One of our aims in this exhibition is to reveal new aspects of Indian textiles and fashion. It may come as a surprise to many that India has a dynamic fashion industry which maintains a continuity to India’s textile traditions. An exciting feature of The Fabric of India will be a showcase of some of the most imaginative and innovative work by contemporary fashion designers. Names such as Abraham and Thakore, Aneeth Arora, Rahul Mishra and Kallol Dutta are amongst these. Their work is distinguished by their appreciation and understanding of their heritage as well as their responsiveness to international trends.
Rajesh Pratap Singh’s stylish women’s jacket is a symbol of this and will be one of many remarkable objects on display.
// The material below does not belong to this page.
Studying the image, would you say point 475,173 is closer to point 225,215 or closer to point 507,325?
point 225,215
It combines local traditions with global aesthetics and merges hand-making skills with technology. It also touches on one of the key relationships in the production of contemporary fashion, that of the rural artisan and the urban designer, something that will be the subject of future blogs.
The jacket is made from fabric that has the visual effect of a technique known as ajrakh, which is specific to artisan communities in western India and Pakistan. Wax resists and mordants for blue and red dye are applied with carved wooden blocks to create a repeat pattern. An example of a historic piece is shown here.
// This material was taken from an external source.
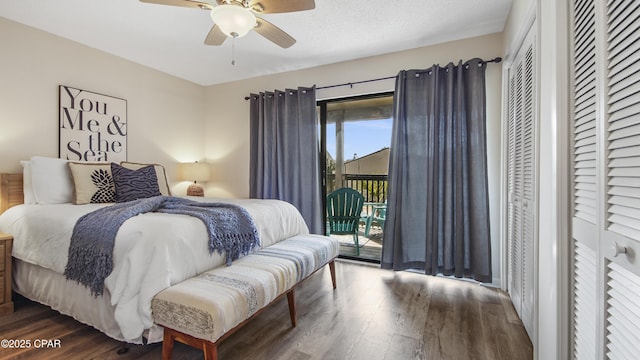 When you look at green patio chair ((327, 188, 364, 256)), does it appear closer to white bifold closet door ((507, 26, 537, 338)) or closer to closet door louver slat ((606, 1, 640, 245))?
white bifold closet door ((507, 26, 537, 338))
On first glance at the jacket, the fabric appears to have a repeat floral design. However, take a closer look and you can see that subtly integrated into the floral repeats are depictions of the human skull. The use of skull imagery on clothing in the west is a familiar sight. It has its origins in rock music sub-culture which was incorporated into high-fashion through the designer Alexander McQueen and then diffused into high-street culture. In India the skull is found in images of Hindu gods and keeps it deathly associations.
Rajesh Pratap Singh is one of India’s most important contemporary designers and is known for his adaptation of traditional techniques into contemporary forms. Excited by ajrakh printing, he tried to recreate a traditional design, with the addition of the skull image. The process of ajrakh is long and time consuming and takes up to 30 steps to complete. A key part of this is the carving of the wooden blocks that print the pattern onto the fabric. In this instance the designer searched for a block-maker who was willing to carve the skull image, but many of the Muslim block-makers refused to do so because of their prohibition against creating representational figures as well as the skull’s associations with death. Therefore to realise his imagined article, Pratap Singh transferred to digital printing, a technical process that has enabled the cross fertilisation of design and culture. Through this fusion of tradition and technology, the jacket is a symbol of the times.
Rajesh has experimented with this design and technique and on a visit to his studio in November 2010 I was treated to a tour of his workshops and to a visual feast of his creativity. It was from a group of jackets all incorporating the skull imagery, that this particular jacket was selected for the V&A collection.